Nevertheless, as bad as the environmental consequences are, the social consequences made me decide to stop buying fast fashion items. Not satisfied with compulsive buying behaviour, these companies maximize their profit by paying the workers that actually make the clothes as little as they possibly can. Reports have shown that workers are sometimes paid as little as 12cents/hour or 21$/month. This doesn’t even fulfil the already low local minimum wages. Workers are forced to work long hours, frequently even on Sundays and holidays.
Working conditions are not acceptable either: news about factories collapses have drawn attention to this. These factories (also called sweatshops due to their poor conditions) often have no windows or fire extinguisher, get overheated and are at risk of collapse. Workers end up developing health problems due to contact with chemical substances in an unaired environment.
The great majority of workers are women and children. Even though child labour is illegal, there are no inspections and employing 15 years old or younger children is a common practice. These children work just as much as the adults but get paid even less.
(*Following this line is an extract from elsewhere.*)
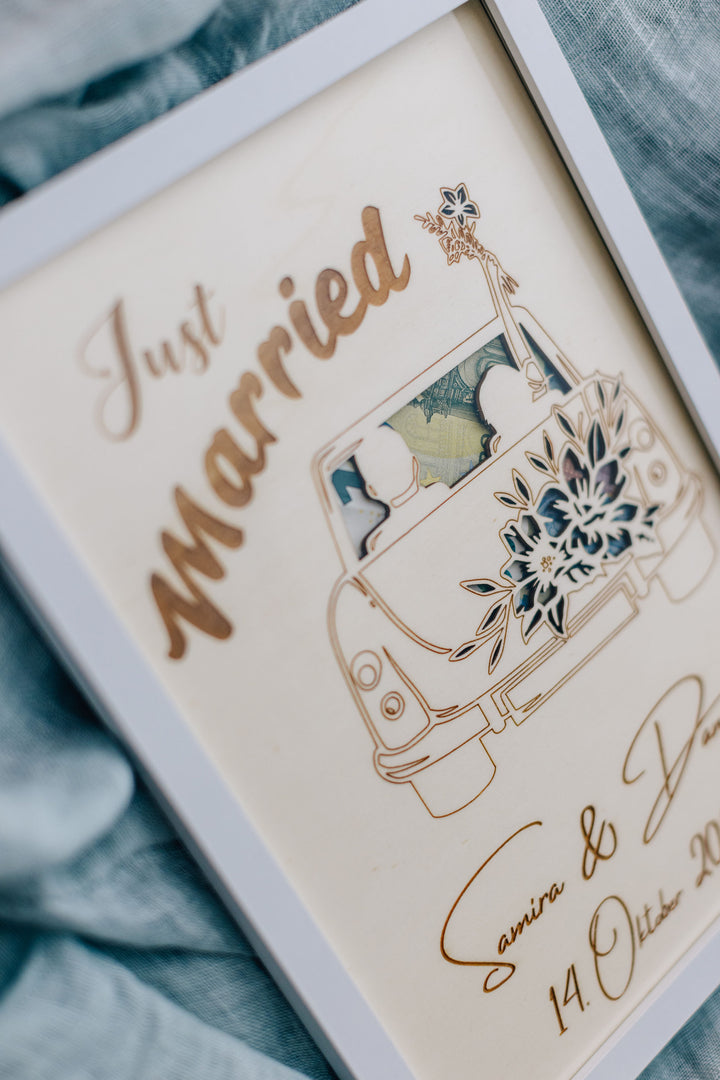 Geldgeschenk Just Married DIN A4 als Aufsteller – Holz personalisiert handgefertigt Bayern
Despite unhuman working conditions, these workers are in such a precarious situation that uprisings rarely happen. Feeling that they have no other option, these workers fear that the company may relocate the factory and they will lose the only source of economic stability, however unreliable and exploitative it may be. Nevertheless, there have been some protests, which have triggered retaliation: sometimes leaving workers injured or dead.
I think it is absolutely unacceptable that companies with massive profits treat their workers like this. These companies capitalize the fragility of these communities, paying them just enough to barely survive, but not enough to be able to overcome their poverty. Their lives consist almost solely on working in terrible conditions and what they earn is not enough to save up or send a child to school. Given their despair, they have no other choice other than accept the conditions they are offered, however inhuman they are.
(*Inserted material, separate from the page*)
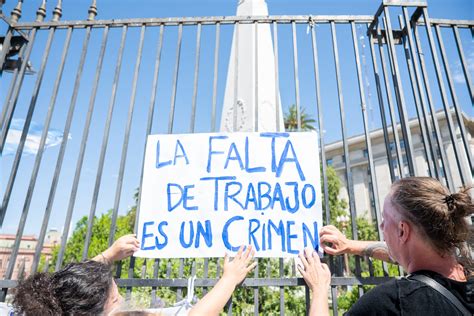 Ronda De Las Madres De Plaza De Mayo No Bajen Los Brazos Lavaca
Relocating garment factories could be a great opportunity to empower impoverished communities by giving them job opportunities yet it has turned into another way of exploitation. What could be a helping hand in the development of underdeveloped areas actually means that the discrepancy between developed and underdeveloped countries is larger than ever. These workers’ sacrifice allows the consumer in developed countries to be able to buy and discard clothes however they please. Their suffering is perpetuated to fulfil our modern society whims. Once more, the “developed” world asserts its supremacy through the exploitation of others.